Torino: adesso scegli la continuità...
Ieri sera ho assistito ad una splendida puntata di Toro Amore Mio, condotto egregiamente dalla brava giornalista Giancarla Tenivella con l'ausilio del veterano Aurelio Benigno.
Una trasmissione piacevole, ulteriormente elevata dalla presenza in studio di Marco Ferrante, granata vero, istinto e cuore ma pure ragione e intelligenza con una caratteristica sanguigna pregnante: non mandarle mai a dire.
E proprio Ferrante, ieri, argomentava numerose tematiche interessanti, tra cui quello di porsi un interrogativo stuzzicante: Perché – si è chiesto Marco-gol – tutti i giocatori pseudo affermati che il Torino compra da più di dieci anni a questa parte, inesorabilmente falliscono? Perché i vari Fiore, Di Michele, Recoba, Barone, Amoruso, Corini, Bianchi e ancora, andando indietro nel tempo, Andrè Cruz e Lucarelli, in qualche modo, chi un po' meno, chi di più, non riescono mai a garantire totalmente quanto di bello e buono hanno prodotto con le maglie delle squadre precedenti?
Ferrante non ha dato una risposta univoca. Non se l'è sentita. Ha abbozzato una presunzione. Quella della eccessiva pressione della piazza torinese e di una società incapace, nel corso del tempo, di scegliere preventivamente quei giocatori aventi un carattere compatibile con l'ambiente granata.
"Giocatori da Toro" – ha ribadito il pupillo dell'ex presidente Aghemo, anch'egli ospite ed artefice della presenza in studio del miglior attaccante granata dell'ultimo ventennio.
"Giocatori da Toro". Gente che non possegga soltanto il patentino di buon calciatore ma anche qualcuno compatibile mentalmente alla speciale maglia che indossa. Compatibile alle peculiari pressioni che Torino garantisce.
Qualcuno – è stato aggiunto – che sia poi successivamente seguito e guidato, passo dopo passo, da validi ed esperti dirigenti o collaboratori della società.
Figure abili a trasmettere sicurezze instillando nell'atleta stesso la sensazione di serietà e onnipresenza del club, la cui filosofia e politica sportiva deve ergersi al di sopra di tutto (critiche, polemiche, scandali…).

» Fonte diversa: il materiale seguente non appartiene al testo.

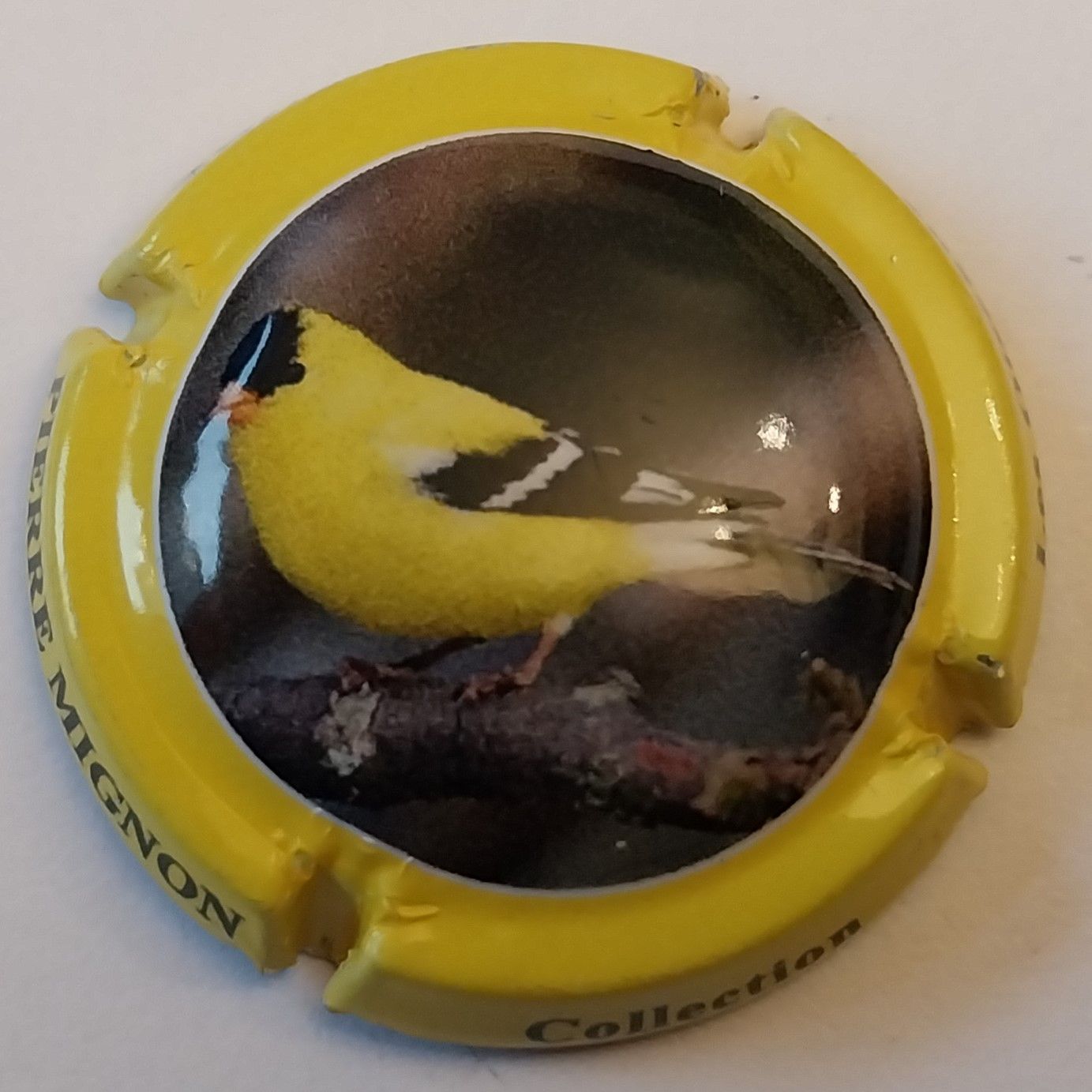BELLE CAPSULE CHAMPAGNE PIERRE MIGNON OISEAUX REF N°264d NEWS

Figure che sappiano infondere stabilità e credibilità nella società così da scongiurare assunzioni di potere in seno allo spogliatoio da gruppi di calciatori spesso portati, nelle difficoltà, a scaricare le colpe sugli allenatori piuttosto che esaminare se stessi.
Una lacuna, questa, persistente nel Toro di Cairo che l'assunzione di un uomo esperto come Foschi ha attutito ma non colmato. Si dirà: manca un team manager. Verissimo. Ma non solo. Manca un direttore generale e, se vogliamo, un ufficio stampa che sia più cospicuo e non totalmente sulle spalle di una sola persona che, pur eccelsa nella sua professionalità, non può conservare il dono dell'ubiquità.
Manca, infine, una caratteristica fondamentale: la continuità.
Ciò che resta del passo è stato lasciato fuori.